Nice work! That should help a lot of Bros out there.


----------



## StoliFTW (Nov 2, 2012)

thanks for the vid. Will have to do some flexin in the mirror in the morning... again thx a lot - perfect example !!! =D>


----------



## Jada (Nov 2, 2012)

SAD thank U!!!!! im gonna flex a couple of times to c it, once again thank u! do i need to aspirate when doing VG?


----------



## Popeye (Nov 2, 2012)

Jada said:


> SAD thank U!!!!! im gonna flex a couple of times to c it, once again thank u! do i need to aspirate when doing VG?



YES....ALWAYS aspirate any time you are injecting anything, anywhere


----------



## Jada (Nov 2, 2012)

i imagine it easy to aspirate since its on ur side and u can hold it with the other hand and pull with the other.


----------



## Bro Bundy (Nov 2, 2012)

great job SAD very helpful


----------



## NbleSavage (Nov 2, 2012)

VERY helpful!! Cheers, Mate!! Much appreciated!!

(pics of said camera woman?...  )


----------



## Four1Thr33 (Nov 2, 2012)

Ya bro your girl sounds pretty hot


----------



## JOMO (Nov 2, 2012)

Just pinned this site. Prob the easiest site I have ever pinned. After carefully finding it of course. Fav new site.

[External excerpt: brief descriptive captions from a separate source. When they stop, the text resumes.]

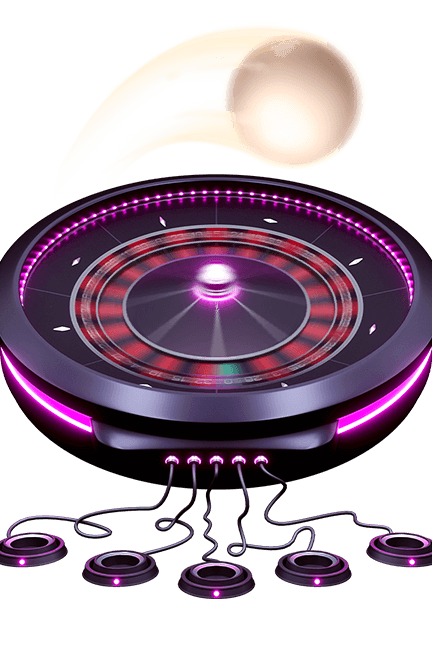 Jeux en Live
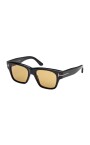 ft1280-01e-sunglasses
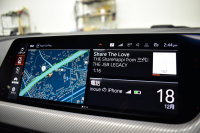 BMW 1シリーズ M135i xDrive ﾌﾙﾀｲﾑ4WD ﾃﾞﾋﾞｭｰP ｺﾝﾌｫｰﾄP ﾅﾋﾞｹﾞｰｼｮﾝP 可変ｻｽﾍﾟﾝｼｮﾝ Mｽﾎﾟｰﾂﾌﾞﾚｰｷ ACC Pｱｼｽﾄ BMWﾗｲﾌﾞｺｯｸﾋﾟｯﾄ ﾋｰﾀｰ付ｱﾙｶﾝﾀｰﾗｺﾝﾋﾞｽﾎﾟｰﾂｼｰﾄ ﾀｯﾁﾊﾟﾈﾙﾅﾋﾞ ｱｯﾌﾟﾙｶｰﾌﾟﾚｲ ﾍｷｻｺﾞﾅﾙLEDﾍｯﾄﾞﾗｲﾄ  2年保証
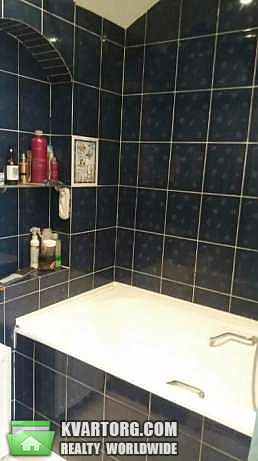 Sell 3-room apartment. Одесса, Сеченова переулок — photo 4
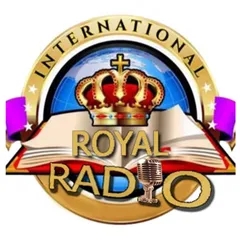 INTERNATIONAL ROYAL RADIO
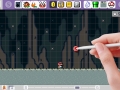 Super Mario Maker (3)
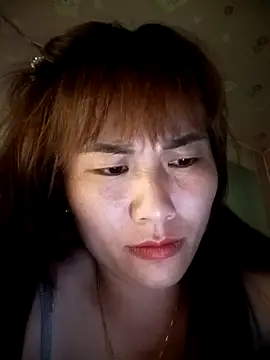 Lucxy-ki6 online show from 06.11.26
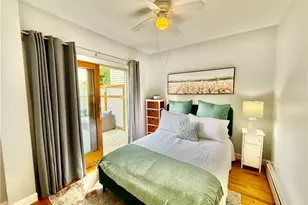 18 Carey St, Newport, RI 02840 - Photo 10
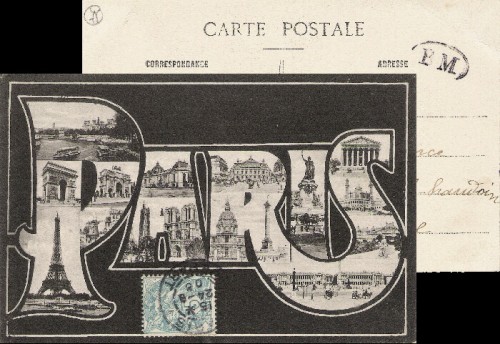 BoiteParisBM.jpg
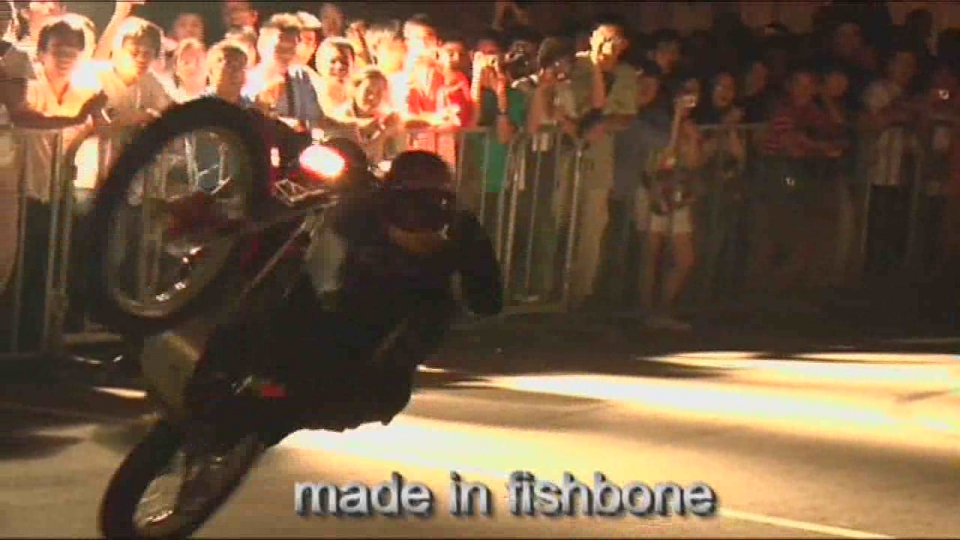 [Vimeo-2574325] 克里斯菲佛(Christian Pfeiffer) 台中表演秀[(002001)17-11-28].JPG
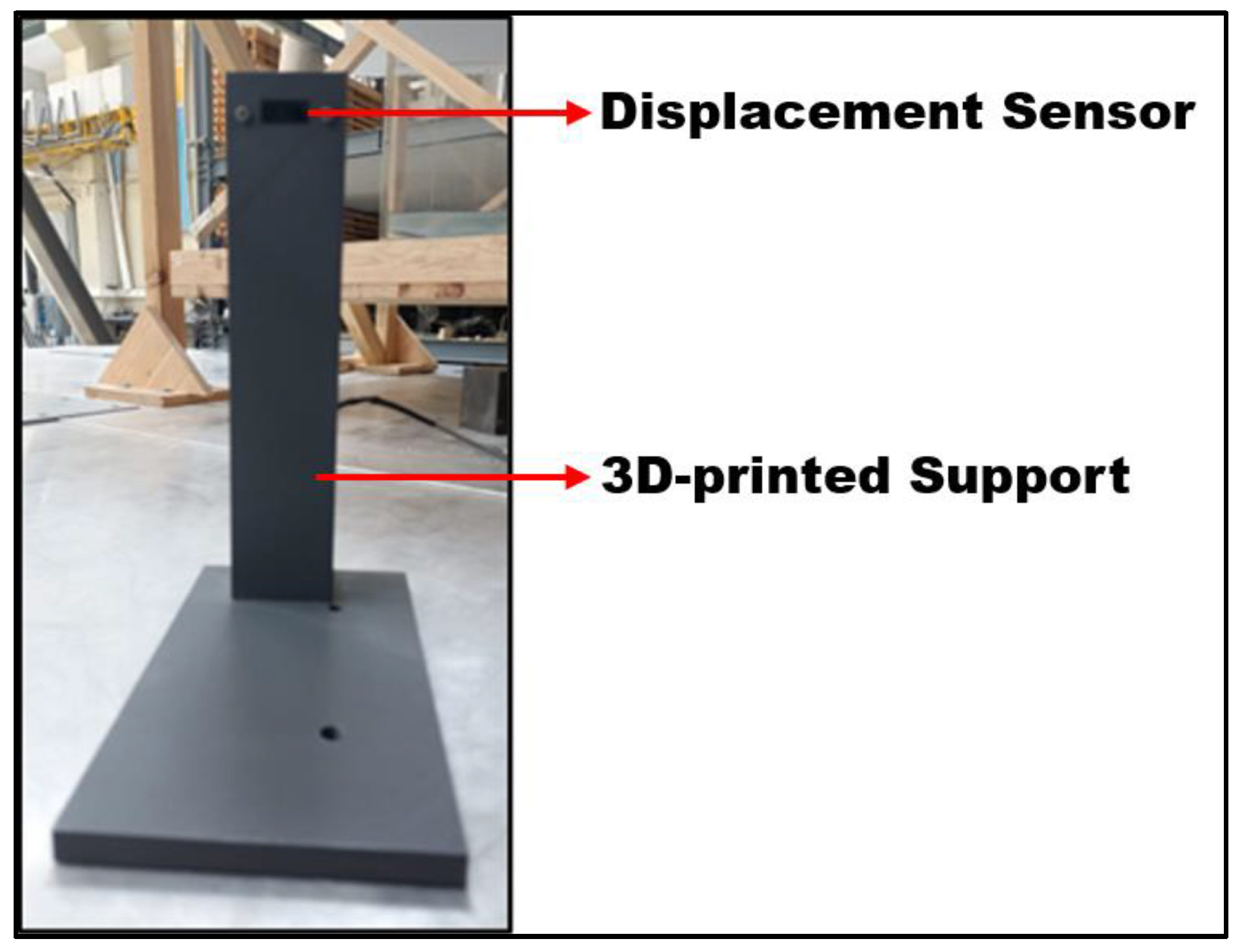 Sensors 24 02800 g015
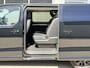 Toyota ProAce Worker Long 2.0 D-4D 177pk Autom. Black Line Dubbele Cabine L2
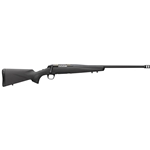 Browning Firearms  G035602226 BROWNING X-BOLT PRO .30-06 22" CARBON FIBER/BLUED MB*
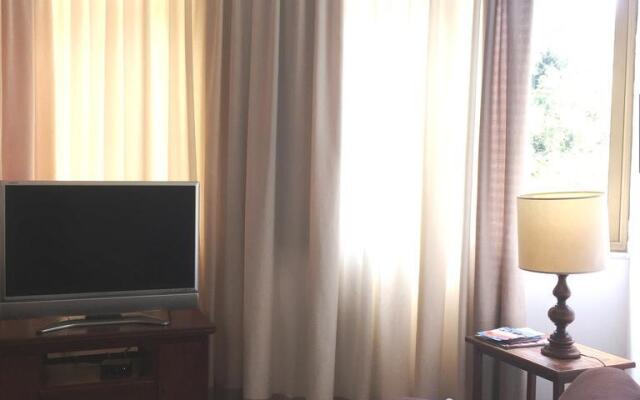 Home Annalisa Mondello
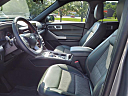 Thumbnail image of 2023 Ford Explorer at Gary Mathews Motors
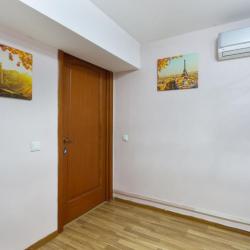 фото 6 Travel Hostel (Тревел Хостел)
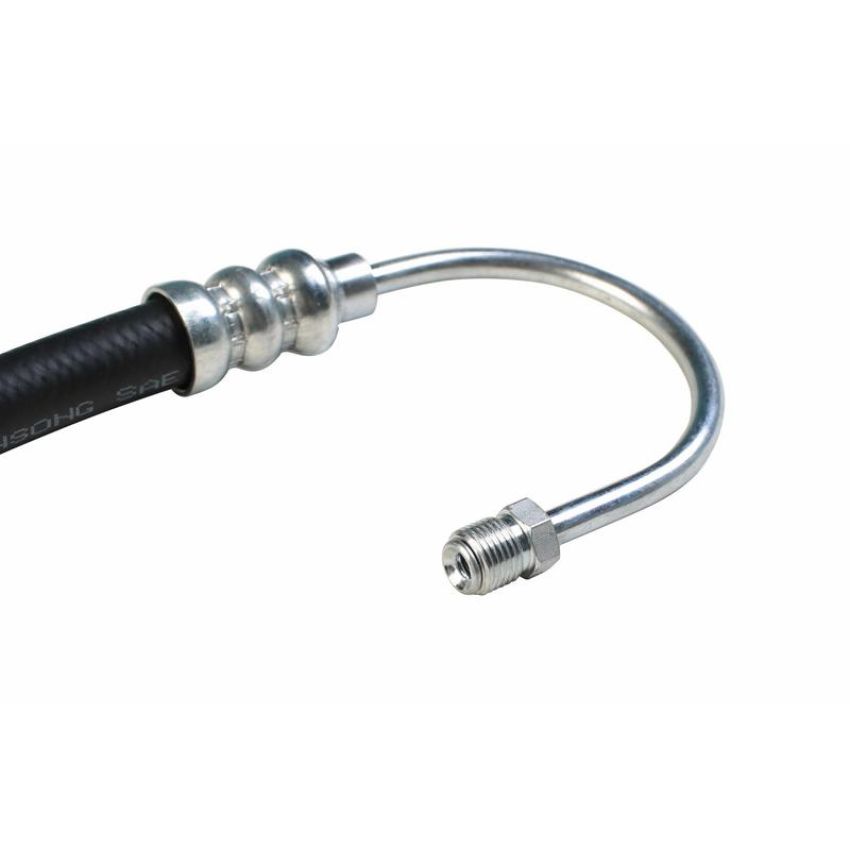 SUNSONG 3401480 Power Steering Cylinder Line Hose Assembly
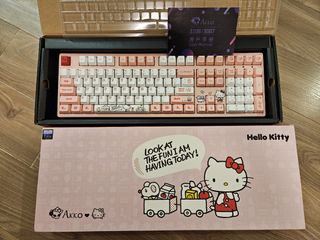 （分類：）位於 。 由 llau2019 提交（商品編號 1345888992，圖片 1）。簡介： 。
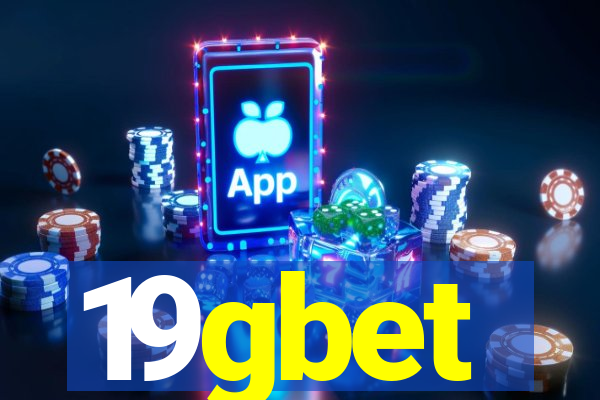 19gbet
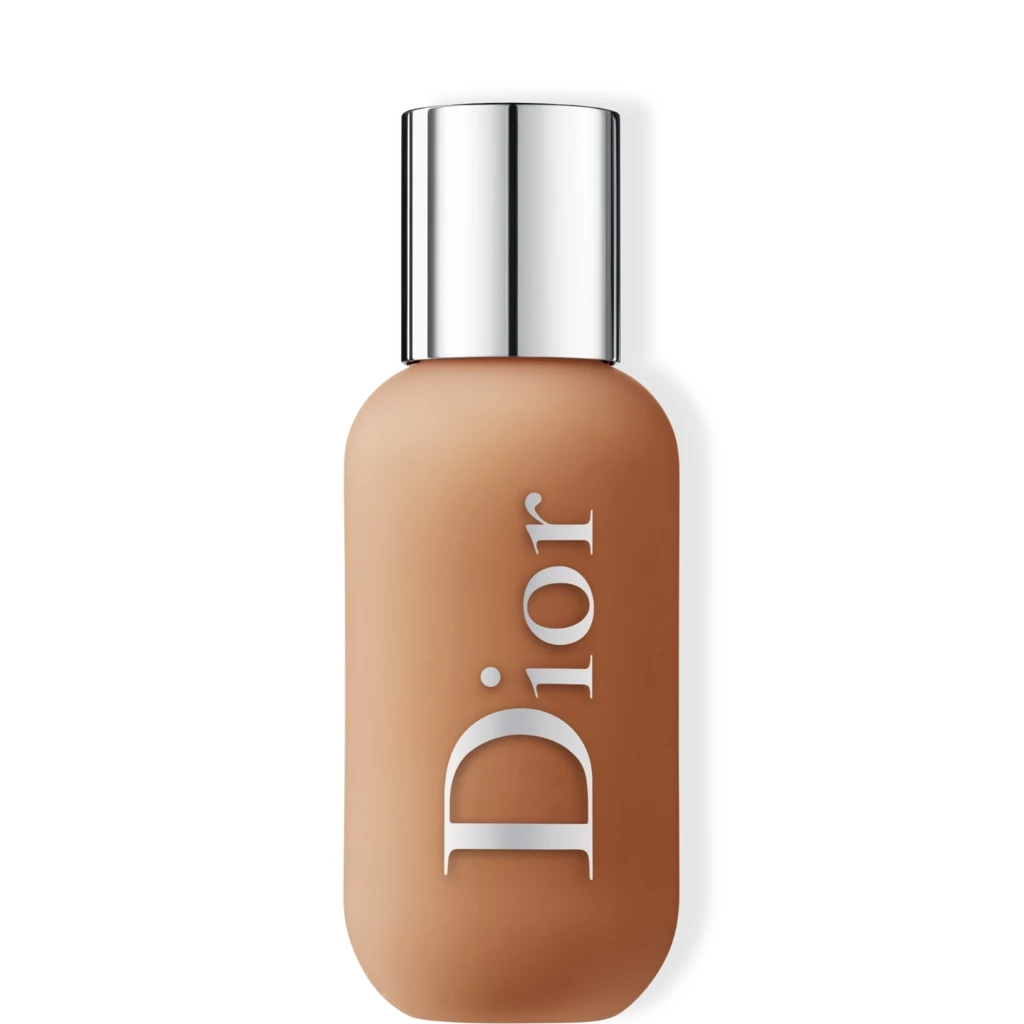 Backstage Face & Body foundation 5W Warm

Thanks!


----------



## DF (Nov 2, 2012)

Thanks for the video SAD very helpful & now a sticky.


----------



## SAD (Nov 2, 2012)

NbleSavage said:


> VERY helpful!! Cheers, Mate!! Much appreciated!!
> 
> (pics of said camera woman?...  )





Four1Thr33 said:


> Ya bro your girl sounds pretty hot



My wife is as pretty as she is kind, with just the right amount of attitude and the ability to cook.  I'm damn lucky, but only one of you has gotten to or will get to see her.  By the way, she says to tell J hello, POB.


----------



## Curiosity (Nov 2, 2012)

I've had success laying on my side to pin this site at well, that way you can make sure you don't have any weight on the leg on the side you're pinning


----------



## pirovoliko (Nov 2, 2012)

Great video SAD.  Thanks.


----------



## bubbagump (Nov 3, 2012)

Thanks SAD!

My right side is like a dream come true. Left side hurt like a mother for a day and a half .  Must have hit a nerve or something?..


----------



## NbleSavage (Nov 3, 2012)

Just a moment past my first VG inject. Did my left VG (I'm a Southpaw) and I'll add my agreement with everything said above. Painless and relatively easy to locate after SAD's video. Too soon to speak of PIP but the initial process was smooth. 

I pinned from standing while in front of a mirror (helped me to locate the muscle). 

Props, Sad. Will try the other side early next week!

- Savage


----------



## theminister (Nov 3, 2012)

Four1Thr33 said:


> Ya bro your girl sounds pretty hot



You really are a horny mofo


----------



## theminister (Nov 3, 2012)

Thats wheree I put 5.5 mls alternate cheek, warmed up, no pip, every week


----------



## Jt79zxt (Nov 3, 2012)

Great vid ... Takes the guess work out trying to find it


----------



## ccpro (Nov 3, 2012)

Can't find it....I think I'm too fat or it's undeveloped?


----------



## NbleSavage (Nov 3, 2012)

ccpro said:


> Can't find it....I think I'm too fat or it's undeveloped?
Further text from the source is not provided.